(Short text fragments from websites)
======

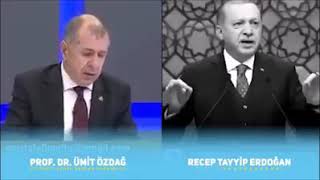 Ümit Özdağ Dan Erdoğana Cevap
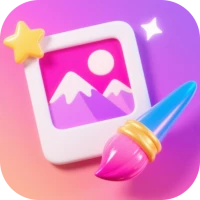 DIY Wallpaper - Photo Collage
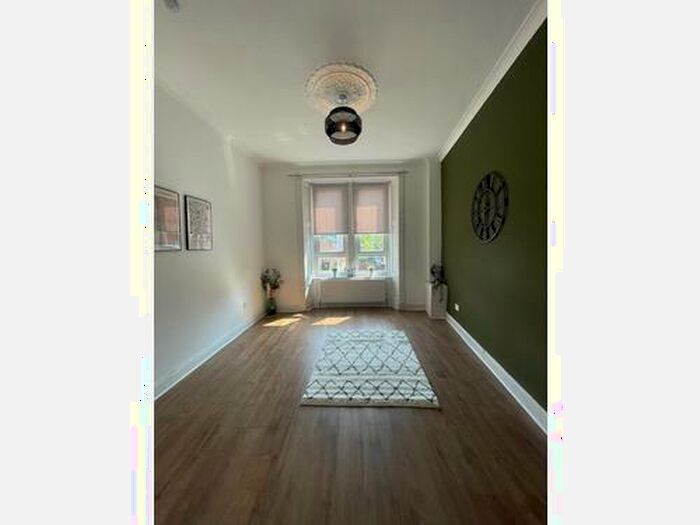 1 Bedroom Flat To Rent In Braeside Street, North Kelvinside, G20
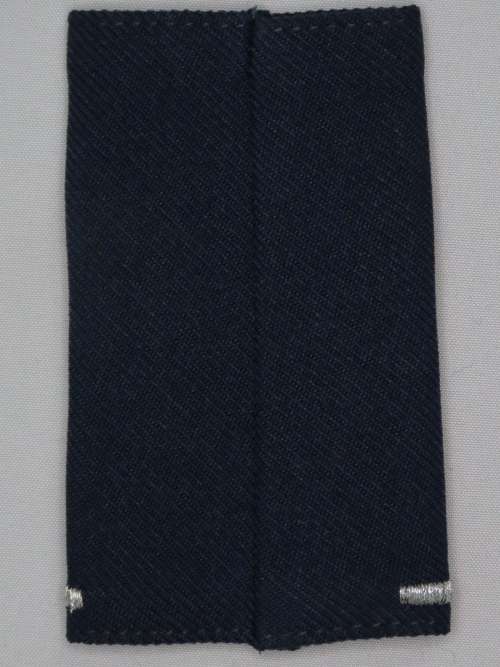1 Pair Vintage USAF Air Force Lieutenant Colonel Insignia Shoulder Boards Rank Epaulettes O5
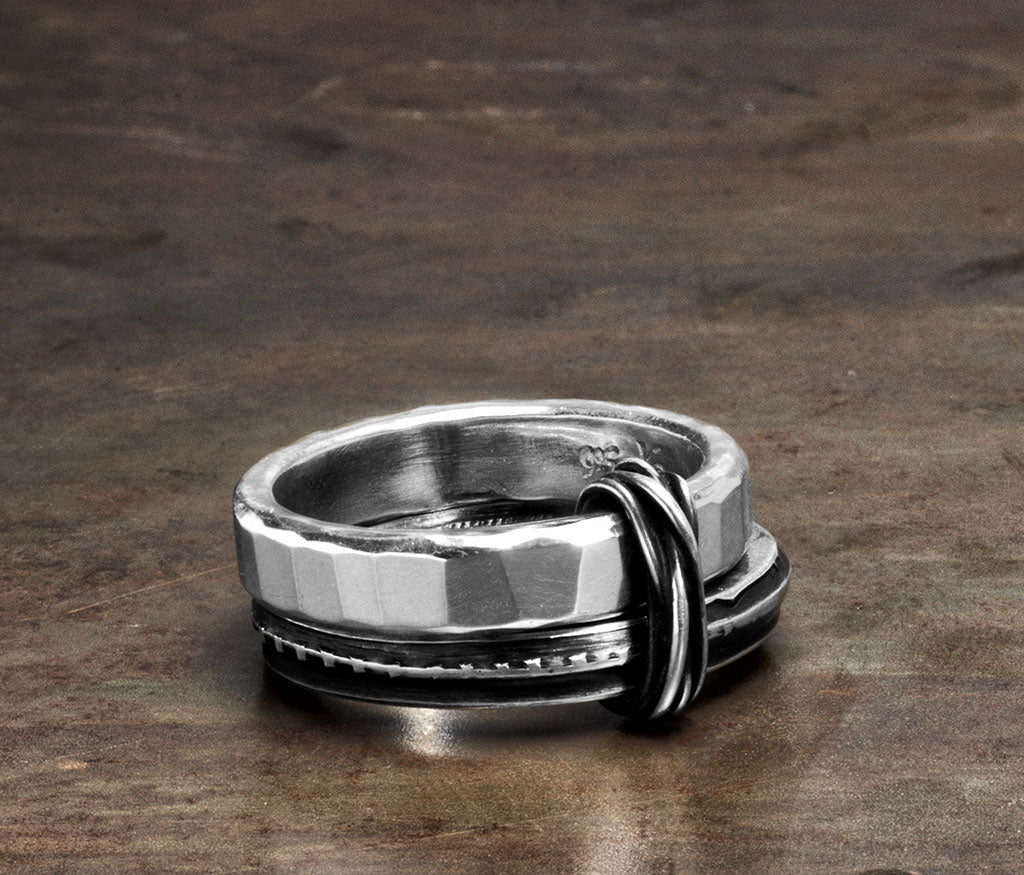 connected ring tape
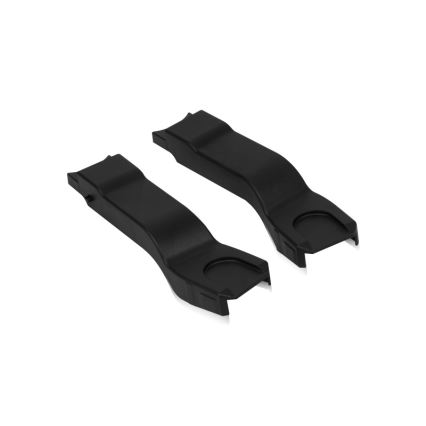 Lionelo - Kombi-Kinderwagen 2-in-1 MIKA PLUS Rostbraun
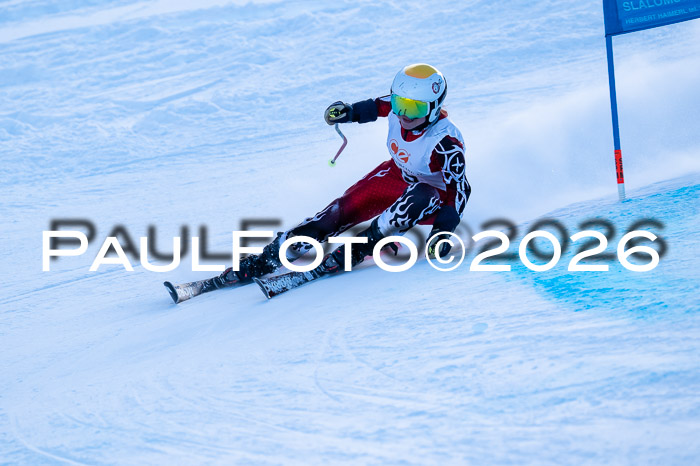 München MINI Cup 1. Willi Wein Gedächtnisrennen RS 03.01.2026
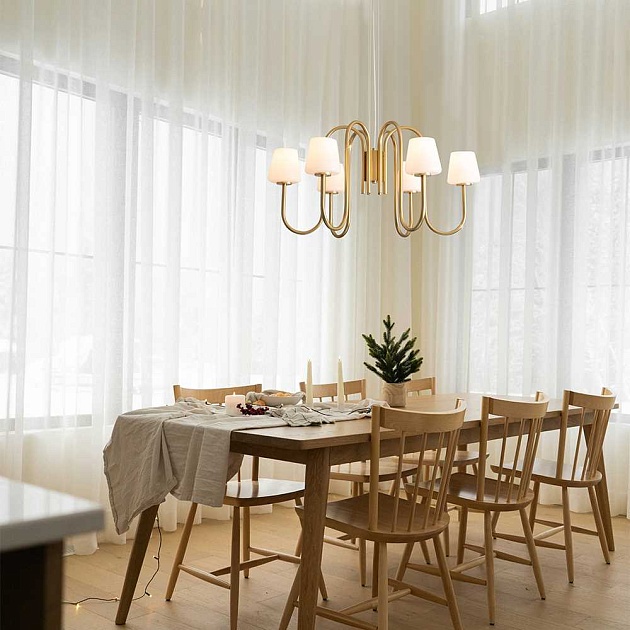 Бра Freya FR2039WL-01G Фото № 7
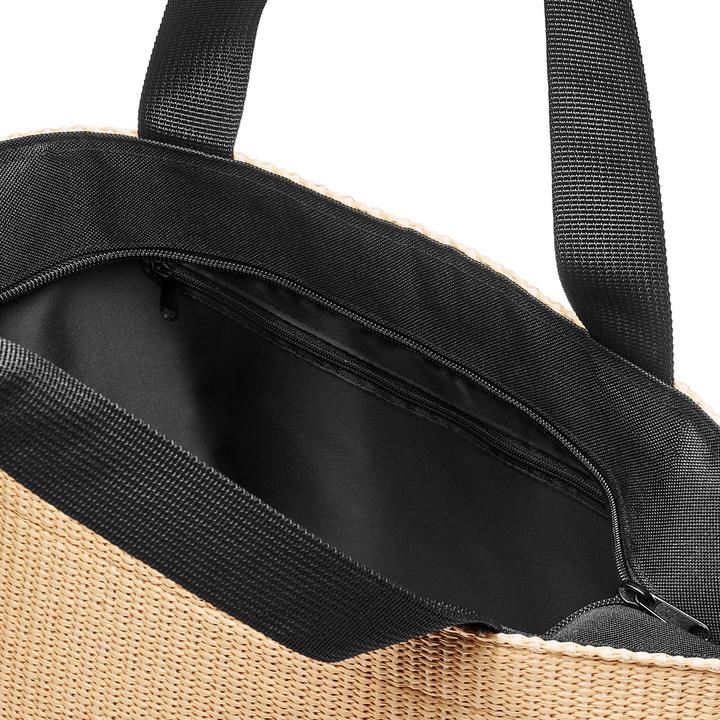 Produktbild reisenthel shopper M raffia black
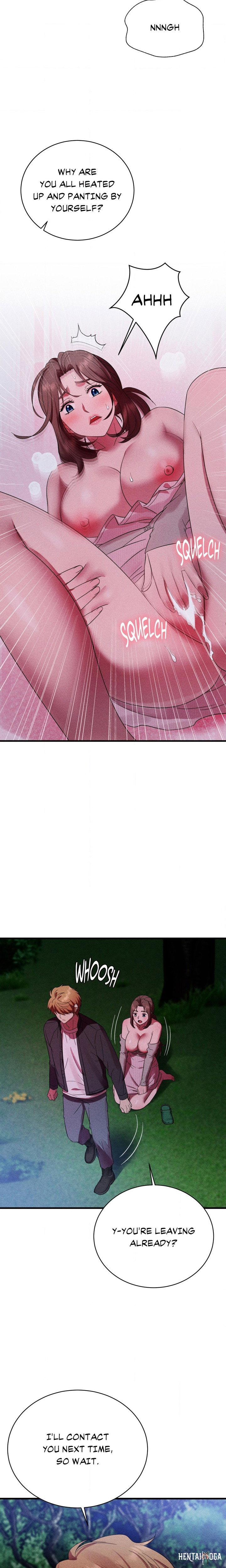 Theory Of Innate Evil Theory Of Innate Evil Chapter 8 - Page 10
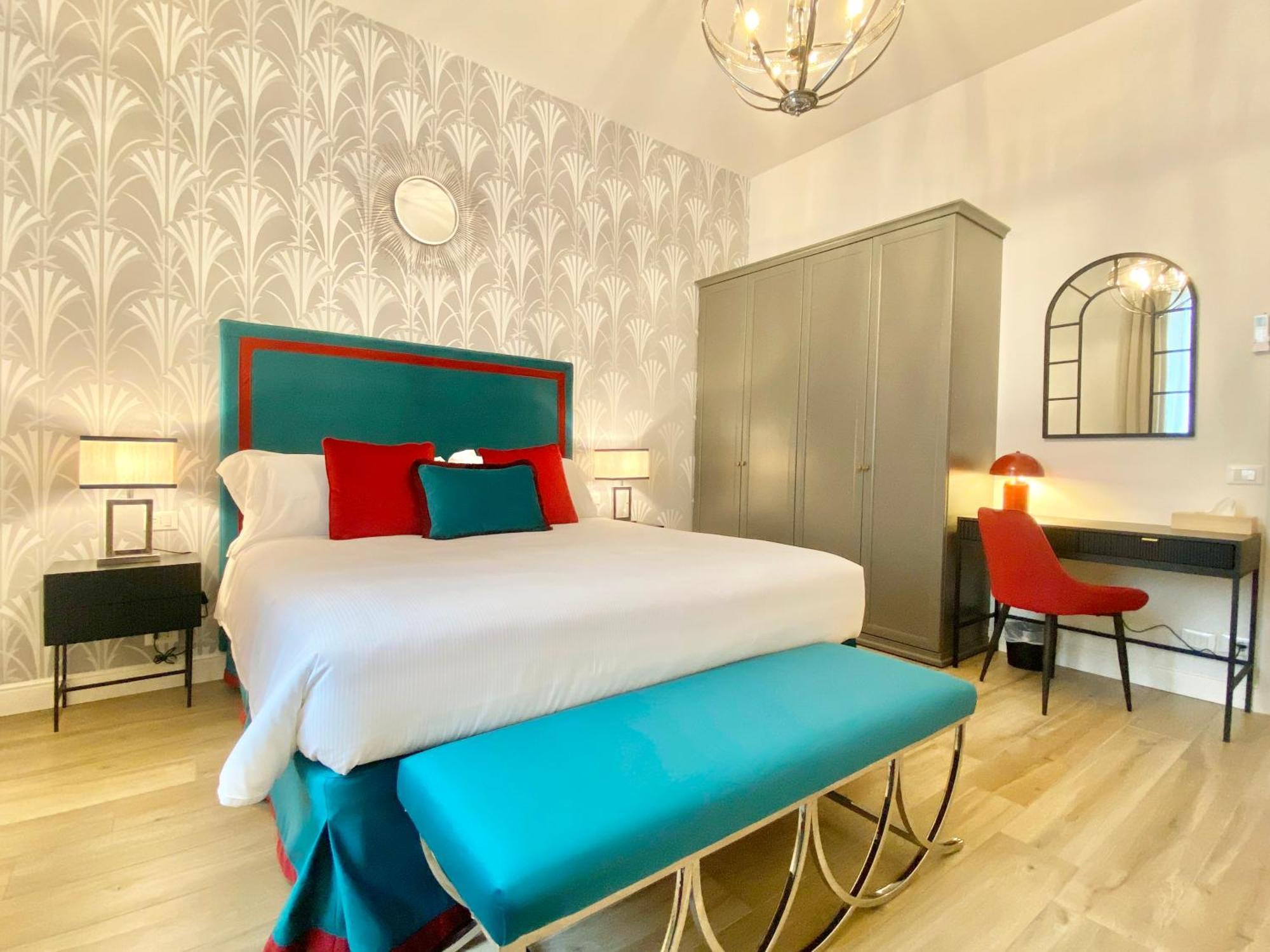 Mazzini 34 Collection Διαμέρισμα Φλωρεντία Εξωτερικό φωτογραφία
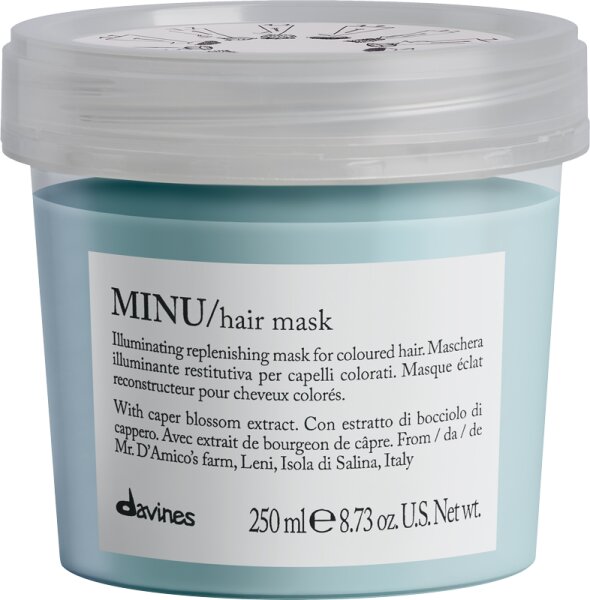 8004608276753 - Essential Hair Care Minu Hair Mask 250 ml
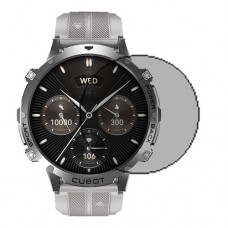 Cubot X3  מגן מסך נאנו זכוכית 9H פרטיות יחידה אחת סקרין מובייל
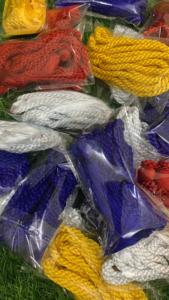 Vente en gros de glands royaux multicolores avec exigence personnalisée, cordons d'honneur pour l'obtention du diplôme, uniformes scolaires - Product Image 6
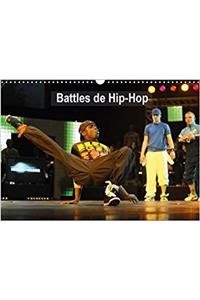 Battles de Hip-Hop 2017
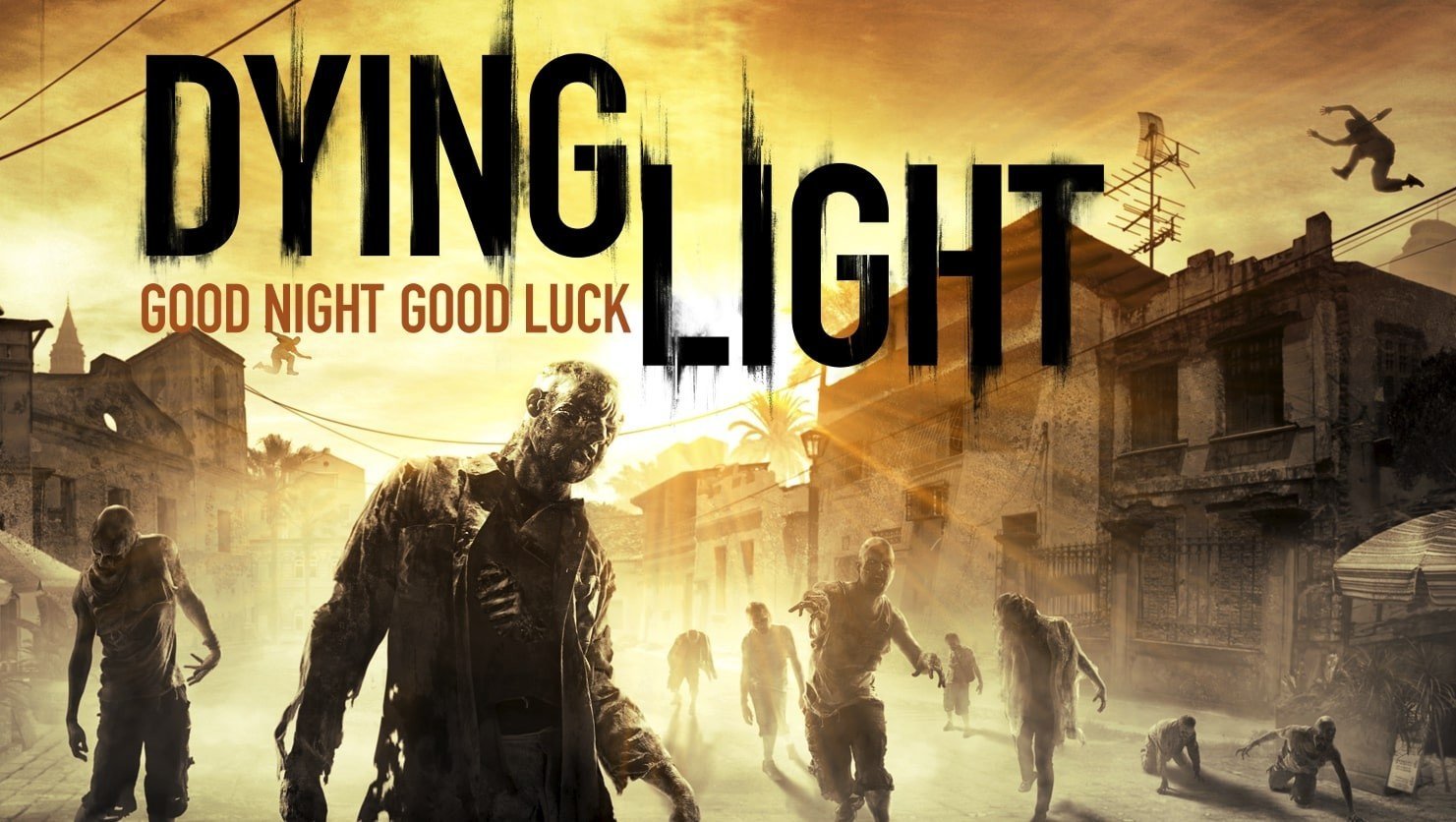 Сколько весит дайн лайт. Dying Light 1 обложка. Dying Light 2 обложка. Dying Light 2 good Night good luck.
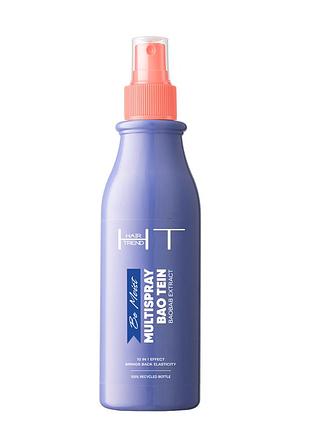 Hair trend мультиспрей 10 в 1 be moist "bao tein", 250 мл
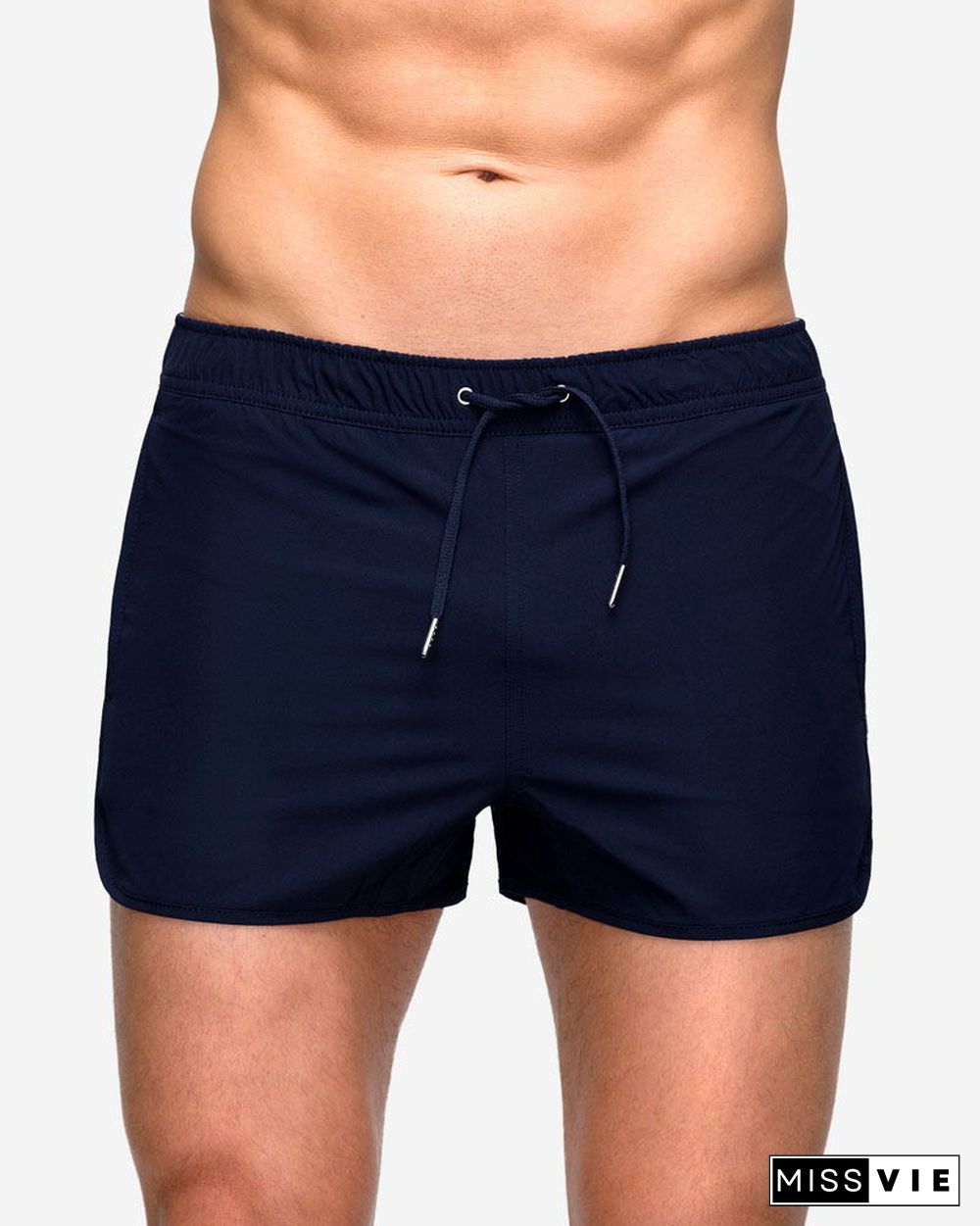 Men's Stretch Mesh Shorts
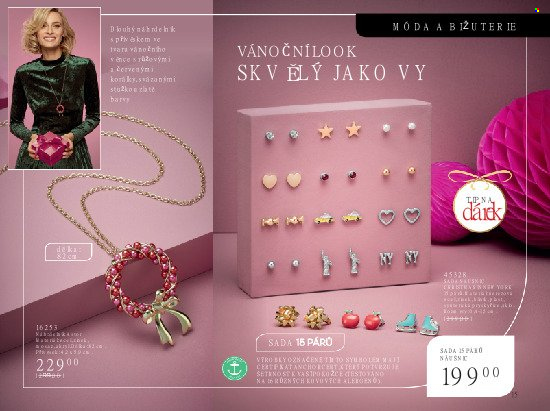 Leták AVON - 1.12.2022 - 31.12.2022. Strana 15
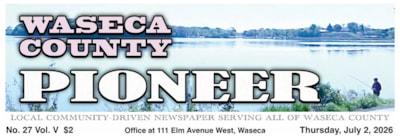 Waseca County Pioneer, July 2, 2026 - Book Review: Furious George Provides Fascinating Deep Dive | Scot Dahms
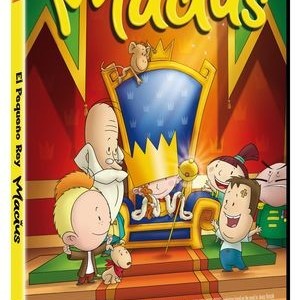 EL PEQUEÑO REY MACIUS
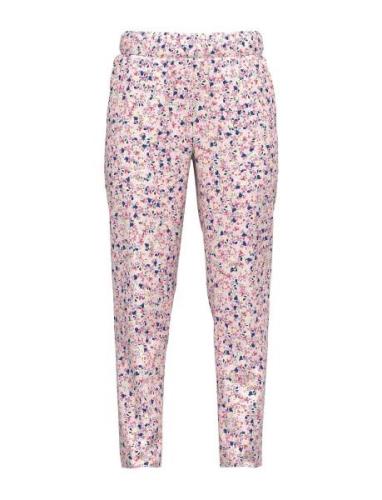 Nkfvinaya Pant 5Fnoos Bottoms Trousers Pink Name It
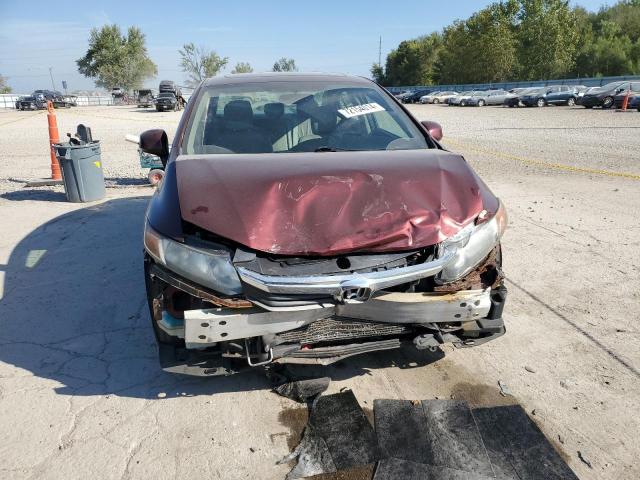 Photo 5 from auction – 2012 HONDA CIVIC EXL with VIN 19XFB2F93CE035066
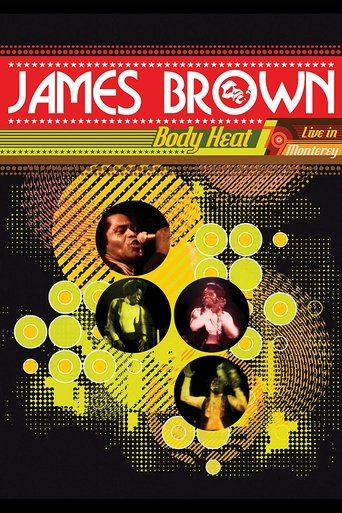 Watch James Brown: Body Heat 2004 poster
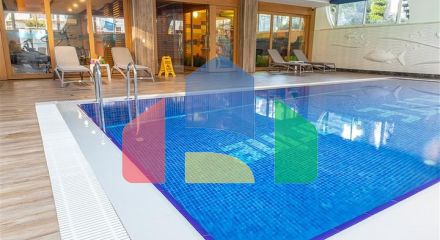 Квартира 1 + 1 поруч з пляжем Клеопатра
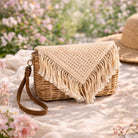 Itzel Clutch Bag - Modern Mexico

======

**EXERCISE GOAL:**
Set down all of the entries exactly as they appear, but keep the images out.

**SOLVED PROBLEM:**
 Ümit Özdağ Dan Erdoğana Cevap
 DIY Wallpaper - Photo Collage
 1 Bedroom Flat To Rent In Braeside Street, North Kelvinside, G20
1 Pair Vintage USAF Air Force Lieutenant Colonel Insignia Shoulder Boards Rank Epaulettes O5
 connected ring tape
 Lionelo - Kombi-Kinderwagen 2-in-1 MIKA PLUS Rostbraun
 München MINI Cup 1. Willi Wein Gedächtnisrennen RS 03.01.2026
 Бра Freya FR2039WL-01G Фото № 7
 Produktbild reisenthel shopper M raffia black
 Theory Of Innate Evil Theory Of Innate Evil Chapter 8 - Page 10
 Mazzini 34 Collection Διαμέρισμα Φλωρεντία Εξωτερικό φωτογραφία
 8004608276753 - Essential Hair Care Minu Hair Mask 250 ml
 Cubot X3  מגן מסך נאנו זכוכית 9H פרטיות יחידה אחת סקרין מובייל
 Vente en gros de glands royaux multicolores avec exigence personnalisée, cordons d'honneur pour l'obtention du diplôme, uniformes scolaires - Product Image 6
 Battles de Hip-Hop 2017
 Сколько весит дайн лайт. Dying Light 1 обложка. Dying Light 2 обложка. Dying Light 2 good Night good luck.
 Hair trend мультиспрей 10 в 1 be moist "bao tein", 250 мл
 Men's Stretch Mesh Shorts
 Leták AVON - 1.12.2022 - 31.12.2022. Strana 15
 Waseca County Pioneer, July 2, 2026 - Book Review: Furious George Provides Fascinating Deep Dive | Scot Dahms
 EL PEQUEÑO REY MACIUS
 Nkfvinaya Pant 5Fnoos Bottoms Trousers Pink Name It
 Photo 5 from auction – 2012 HONDA CIVIC EXL with VIN 19XFB2F93CE035066
 Watch James Brown: Body Heat 2004 poster
 Квартира 1 + 1 поруч з пляжем Клеопатра
 Itzel Clutch Bag - Modern Mexico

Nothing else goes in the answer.